Initialization class attributes

  • settings (optional): metacrawler.settings.Settings instance. Project settings. If not passed, used empty instance.

  • authentication (optional): metacrawler.authentication.Authentication instance. Using for authentication on website.

  • any crawler instance (optional): metacrawler.crawlers.Crawler instance.

Public attributes

  • session: requests.Session instance. Using for make requests.

  • argparser: argparse.ArgumentParser instance. Using for parse CLI.

  • data: dict. Contains data after crawling.

  • cli: property. Contains CLI arguments.

  • authentication: metacrawler.authentication.Authentication instance. Using for authentication on website.

Public methods

  • before(self) Call before start crawling. May use for any actions (dynamic set values and other).
  • start(self) Start crawling.
  • output(self, compact=False, data=None): Write JSON result in file.
  • compact: bool: Use indent in output JSON.
  • data: JSON serializable data.
  • get_ATTRIBUTE_NAME(self): Set attribute ATTRIBUTE_NAME (any attribute name) by returned value at initialization.

Public methods

  • before(self) Call before start crawling. May use for any actions (dynamic set values and other).
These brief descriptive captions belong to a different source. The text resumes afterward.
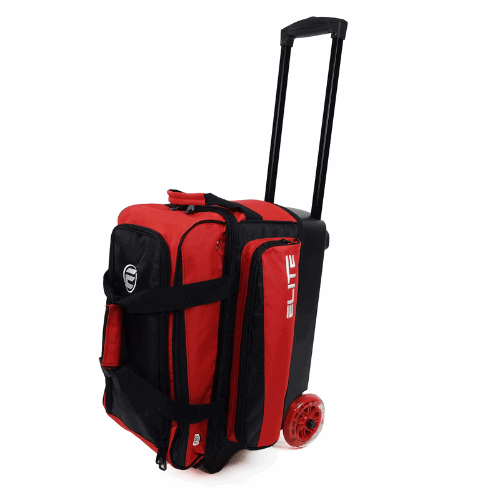 ELITE Deluxe Double Roller Bowling Bag - Heavy Duty Red Bowling Ball Carrier with Wheels for 2 Balls, Shoes & Accessories - Perfect for League Play & Tournament Travel
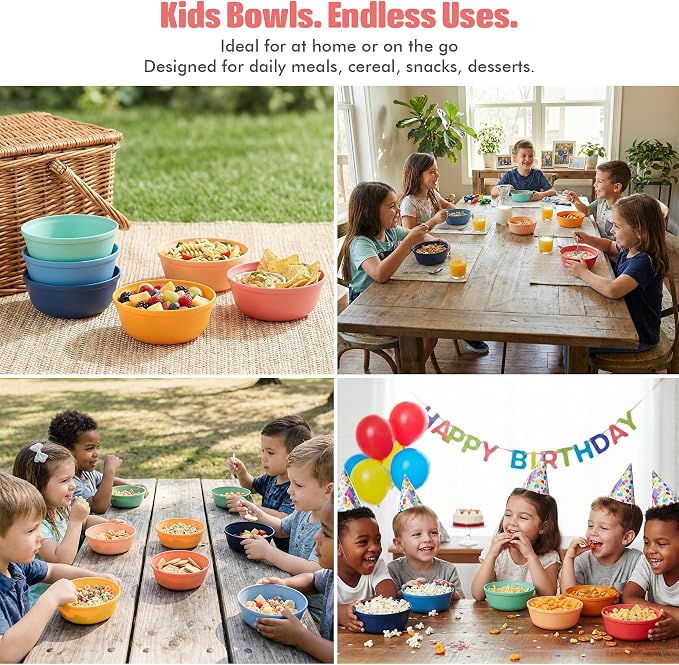 MASTERCOOK Plastic Bowls Set of 6 – 15oz Multipurpose Deep Plates Salad and - Image 5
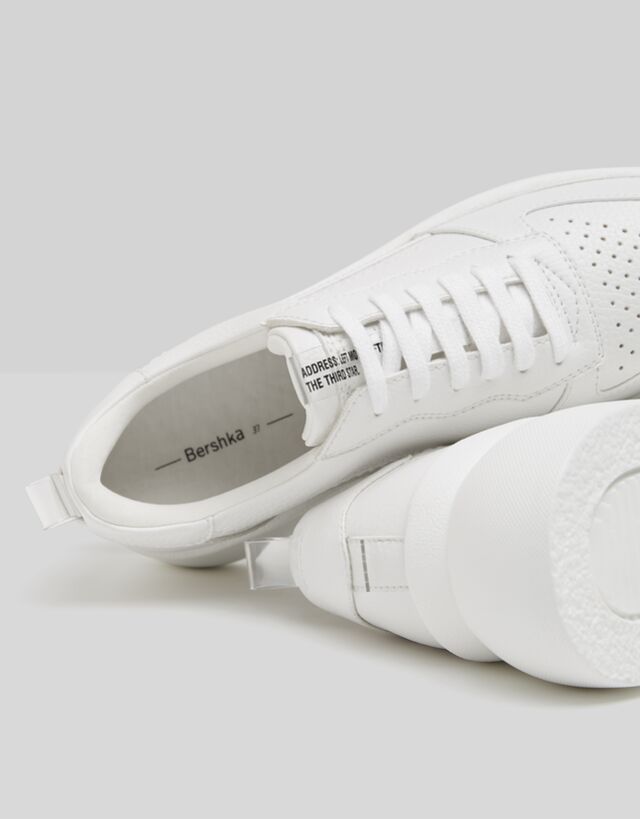 bershka white platform sneakers
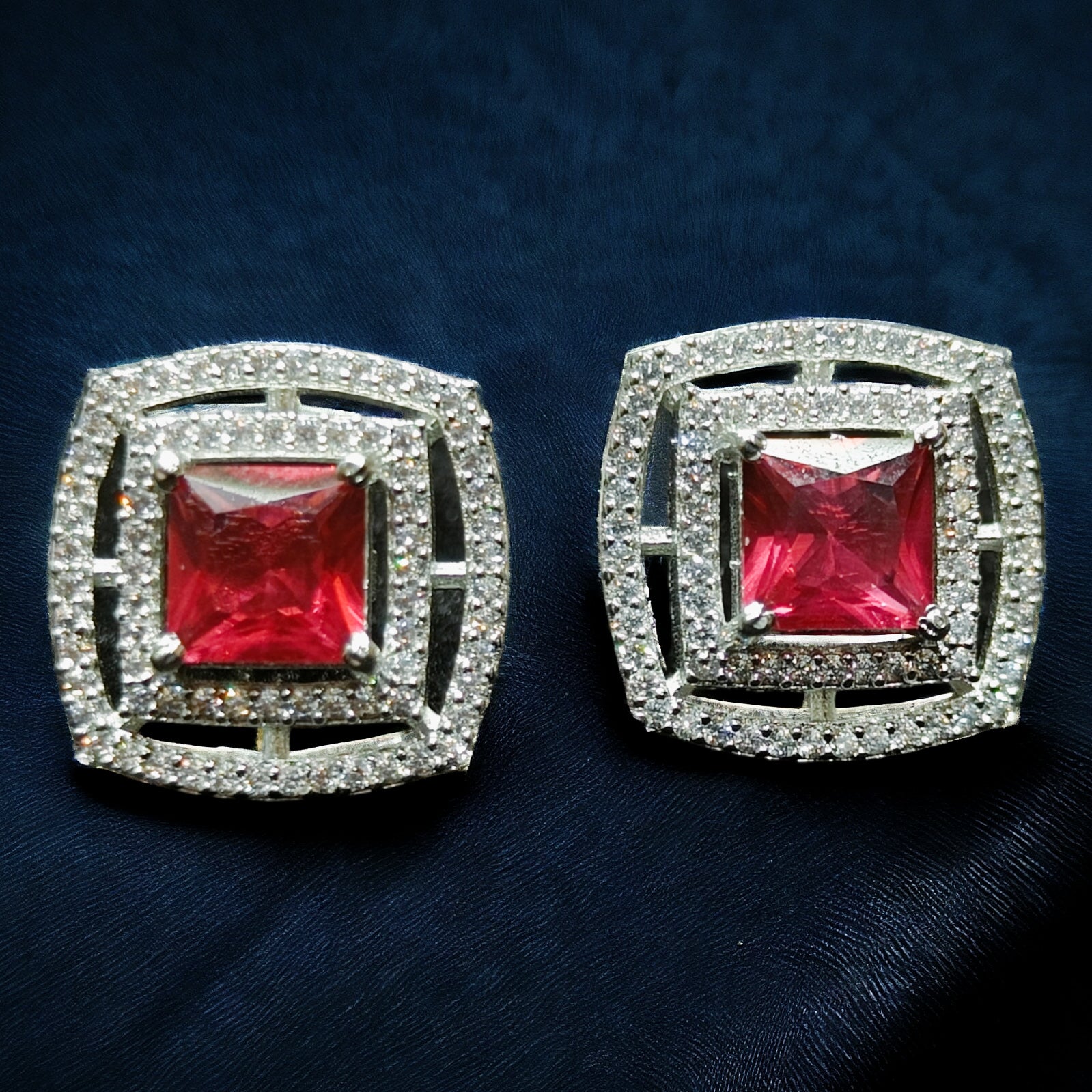 CZ Rhodium Plated Maroon Stone Stud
  • clean(self, value) Call after finish crawling. May use for any actions with raw data. Must return result.

  • value: raw data.

  • start(self) Start crawling.

  • output(self, compact=False, data=None): Write JSON result in file.
  • compact: bool: Use indent in output JSON.
  • data: JSON serializable data.

  • get_ATTRIBUTE_NAME(self): Set attribute ATTRIBUTE_NAME (any attribute name) by returned value at initialization.